[Source data]
____

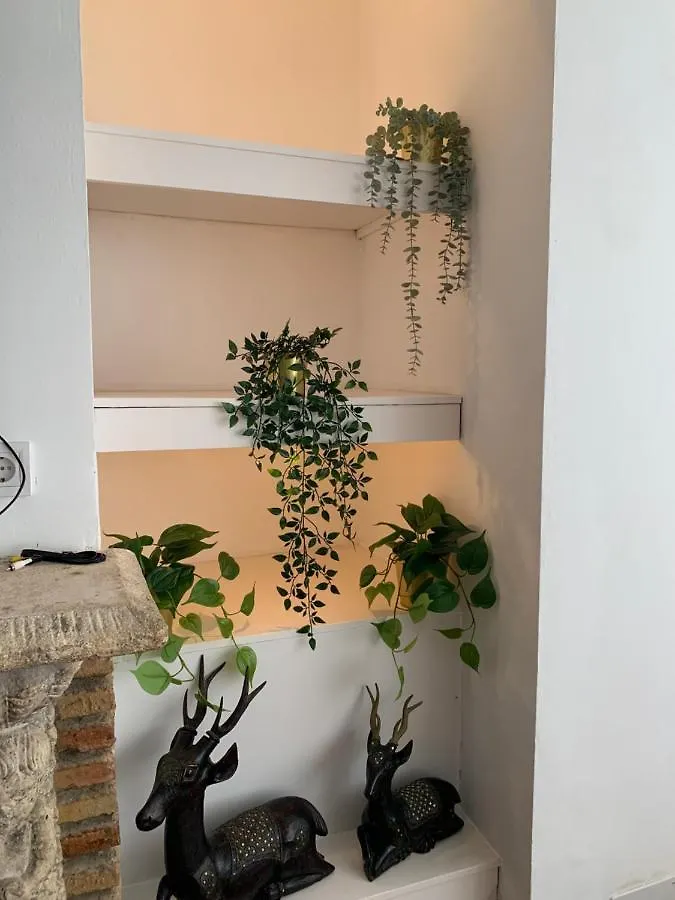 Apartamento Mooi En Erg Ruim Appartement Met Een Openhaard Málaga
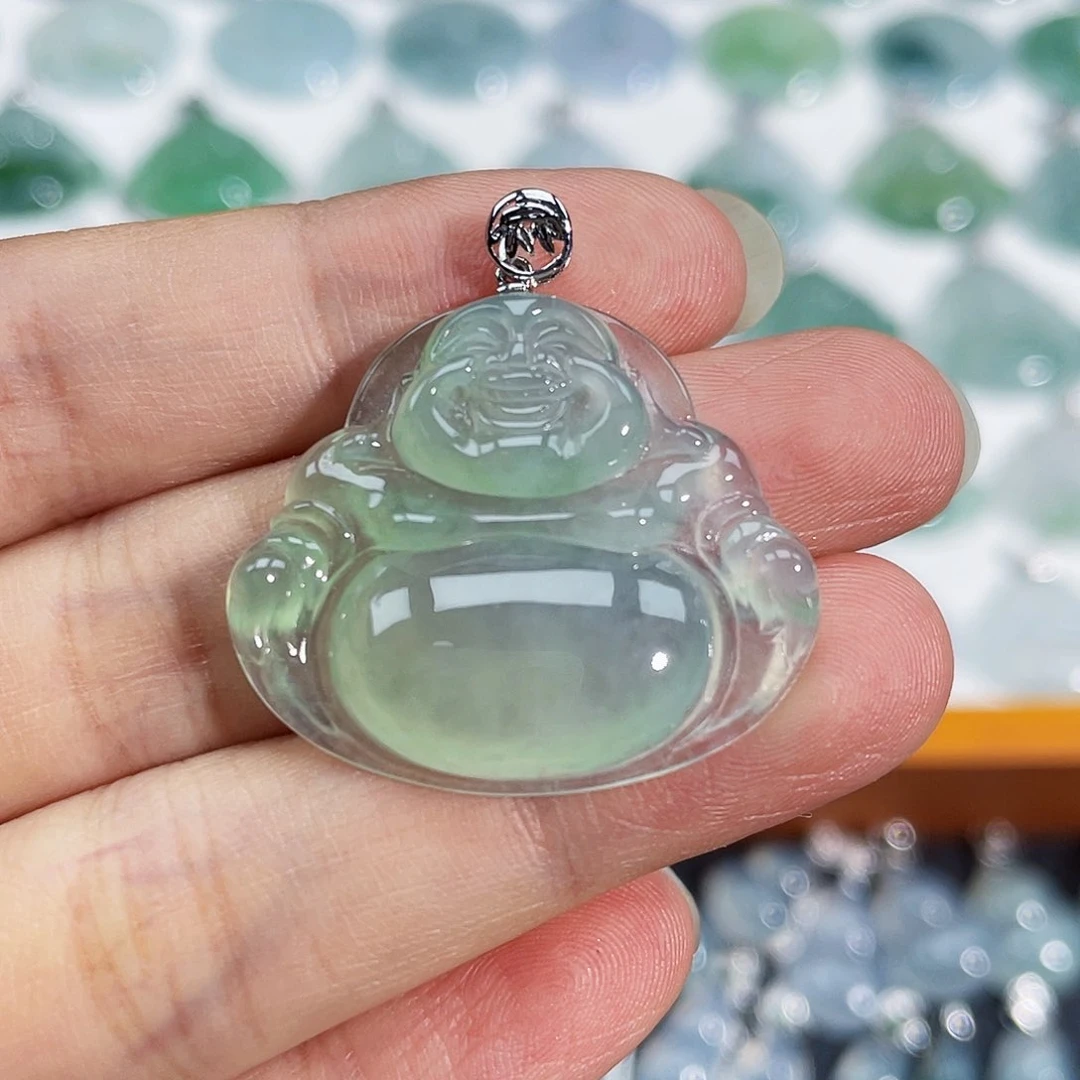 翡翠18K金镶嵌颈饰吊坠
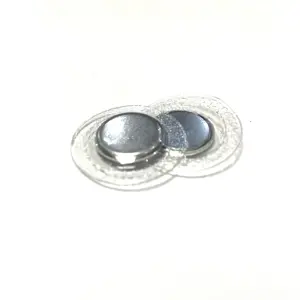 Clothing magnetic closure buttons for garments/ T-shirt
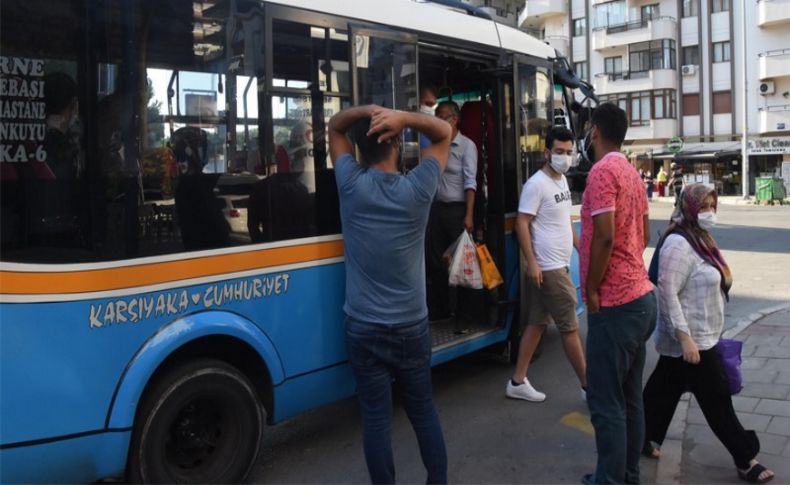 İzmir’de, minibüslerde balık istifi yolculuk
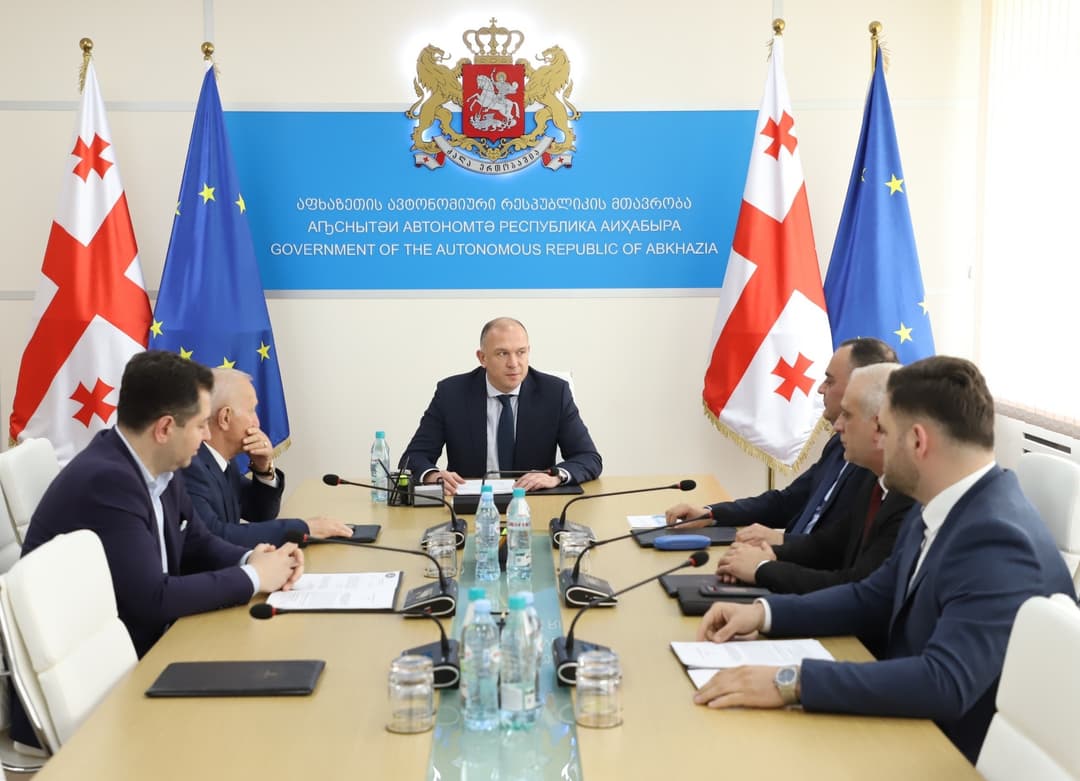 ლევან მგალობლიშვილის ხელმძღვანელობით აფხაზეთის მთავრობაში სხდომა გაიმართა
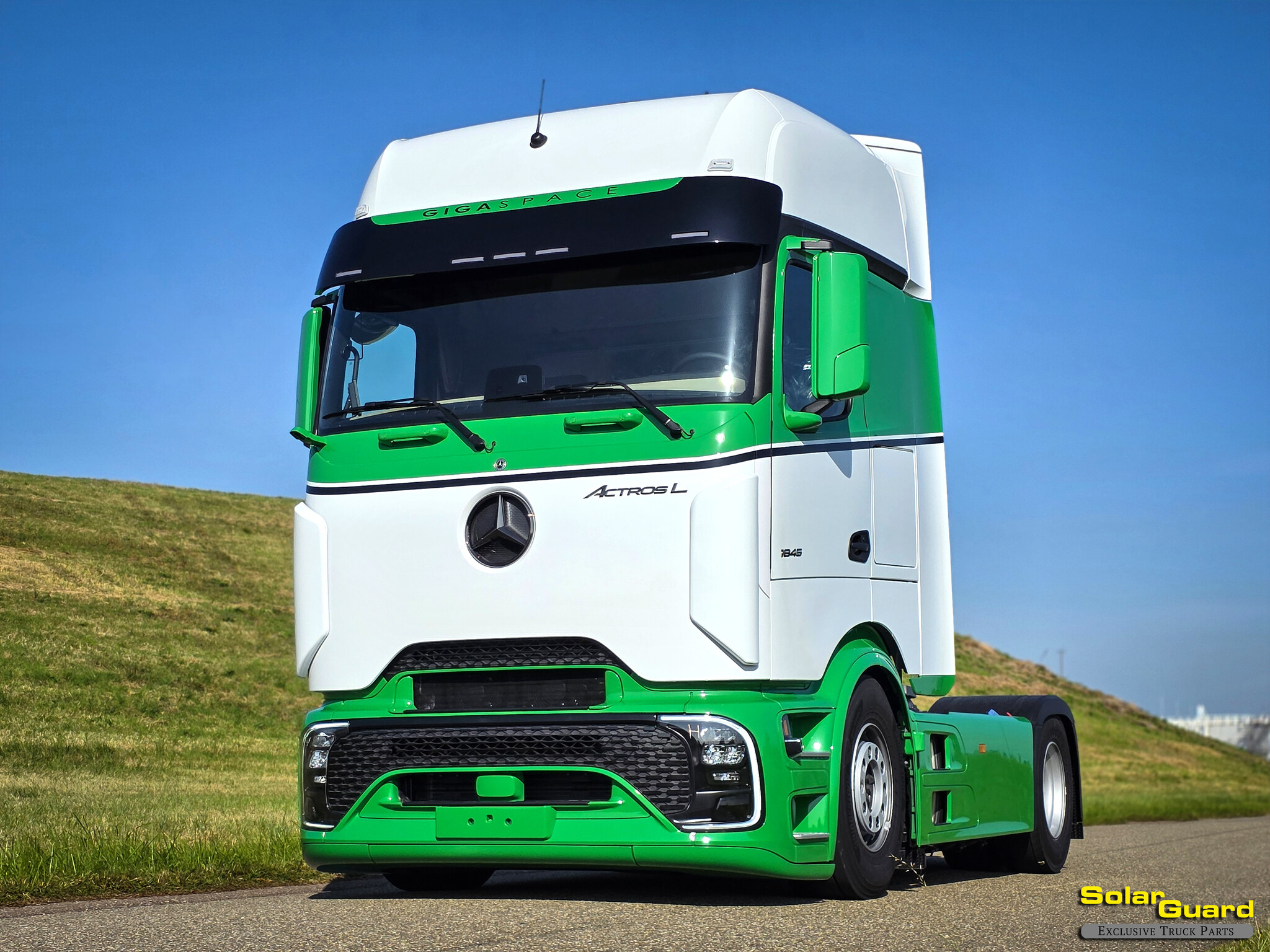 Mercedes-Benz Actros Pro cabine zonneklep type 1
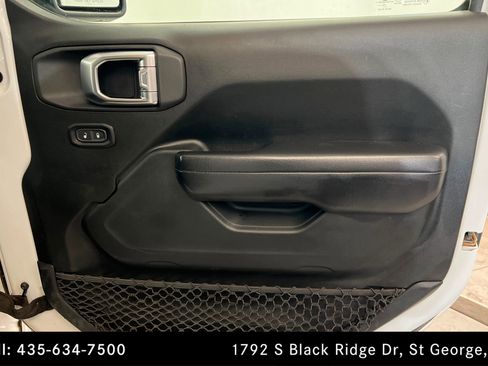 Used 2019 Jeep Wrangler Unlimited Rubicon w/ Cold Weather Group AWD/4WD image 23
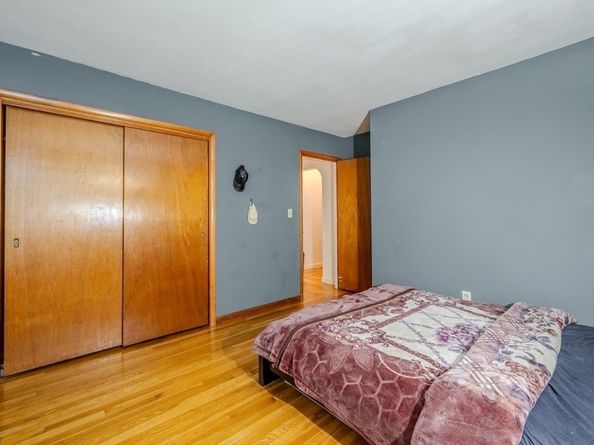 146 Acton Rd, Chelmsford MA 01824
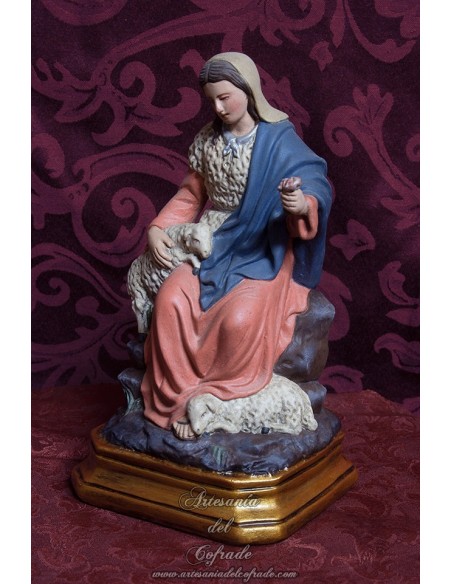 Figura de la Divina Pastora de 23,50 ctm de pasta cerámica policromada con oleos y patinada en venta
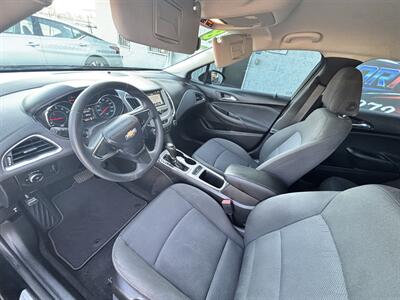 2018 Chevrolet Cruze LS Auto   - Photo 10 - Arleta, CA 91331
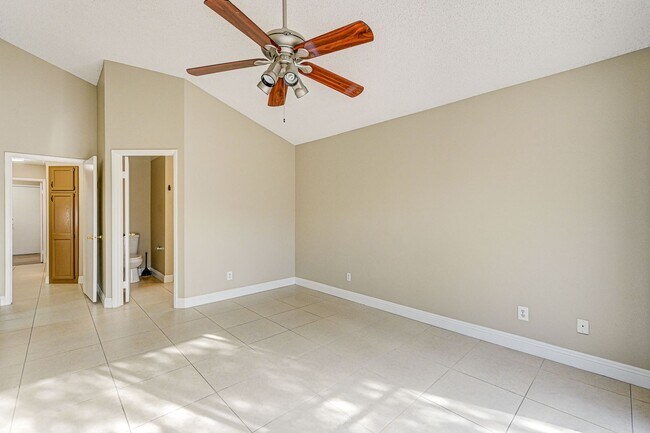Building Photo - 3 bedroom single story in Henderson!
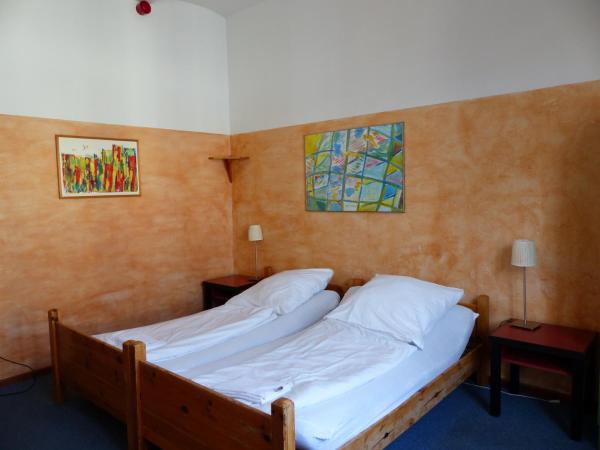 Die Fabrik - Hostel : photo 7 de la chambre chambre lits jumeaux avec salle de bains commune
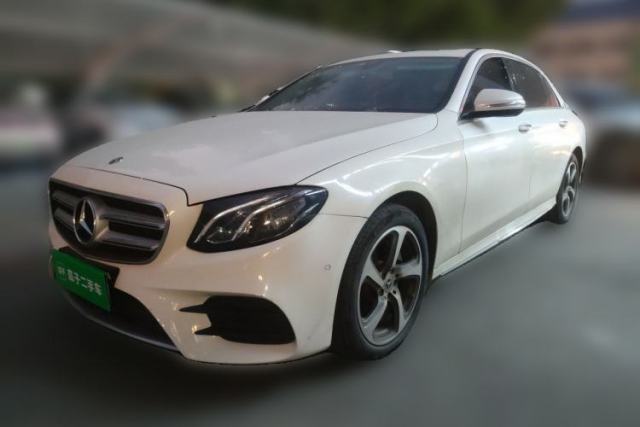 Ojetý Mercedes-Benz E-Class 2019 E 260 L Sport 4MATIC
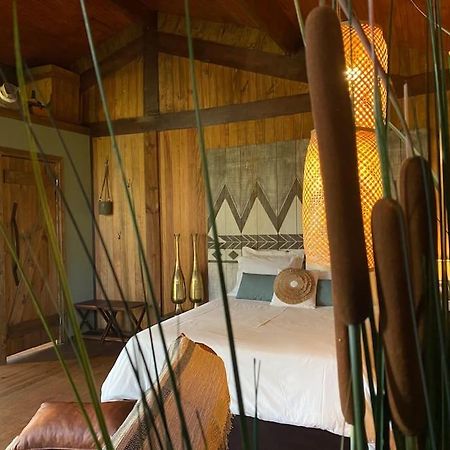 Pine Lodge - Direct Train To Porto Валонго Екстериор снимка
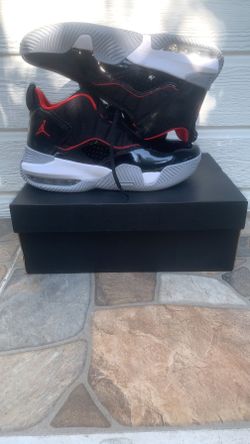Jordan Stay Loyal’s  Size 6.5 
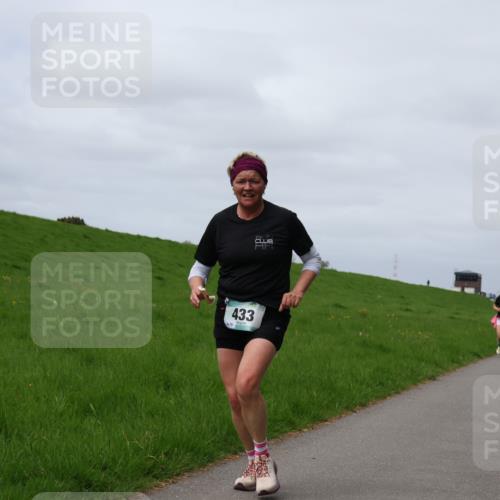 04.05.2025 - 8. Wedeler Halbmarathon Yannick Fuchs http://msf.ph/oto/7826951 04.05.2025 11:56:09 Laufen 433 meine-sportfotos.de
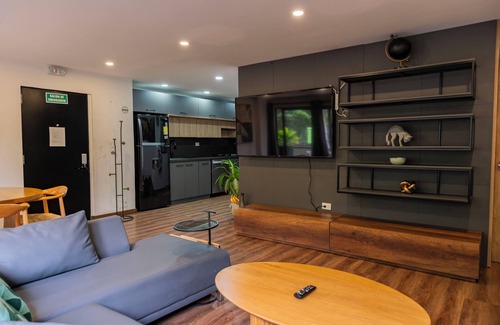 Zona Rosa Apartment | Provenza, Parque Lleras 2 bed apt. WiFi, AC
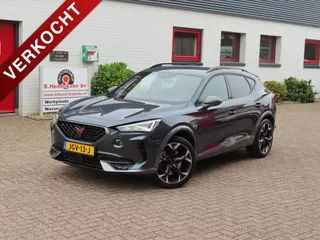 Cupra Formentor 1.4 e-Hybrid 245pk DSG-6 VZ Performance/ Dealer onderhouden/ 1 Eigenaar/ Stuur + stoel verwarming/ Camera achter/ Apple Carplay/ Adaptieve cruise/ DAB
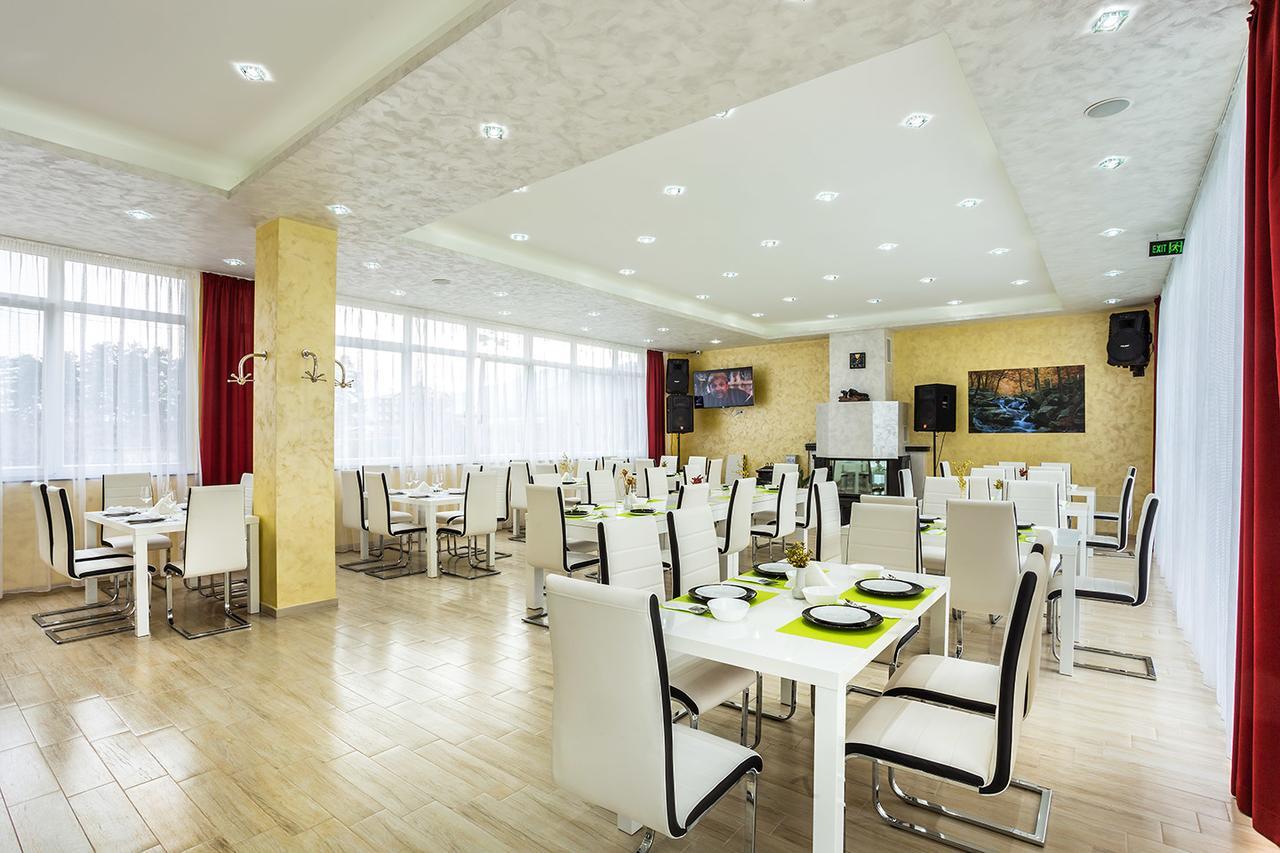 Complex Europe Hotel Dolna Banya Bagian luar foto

____

ASSIGNED TASK:
Transcribe exactly the lines from the one with "Building Photo - 3" to the last line of the records, both included, so that no picture appears in the copy.

COMPLETED TASK:
Building Photo - 3 bedroom single story in Henderson!
 Die Fabrik - Hostel : photo 7 de la chambre chambre lits jumeaux avec salle de bains commune
 Ojetý Mercedes-Benz E-Class 2019 E 260 L Sport 4MATIC
 Pine Lodge - Direct Train To Porto Валонго Екстериор снимка
Jordan Stay Loyal’s  Size 6.5 
 04.05.2025 - 8. Wedeler Halbmarathon Yannick Fuchs http://msf.ph/oto/7826951 04.05.2025 11:56:09 Laufen 433 meine-sportfotos.de
 Zona Rosa Apartment | Provenza, Parque Lleras 2 bed apt. WiFi, AC
 Cupra Formentor 1.4 e-Hybrid 245pk DSG-6 VZ Performance/ Dealer onderhouden/ 1 Eigenaar/ Stuur + stoel verwarming/ Camera achter/ Apple Carplay/ Adaptieve cruise/ DAB
 Complex Europe Hotel Dolna Banya Bagian luar foto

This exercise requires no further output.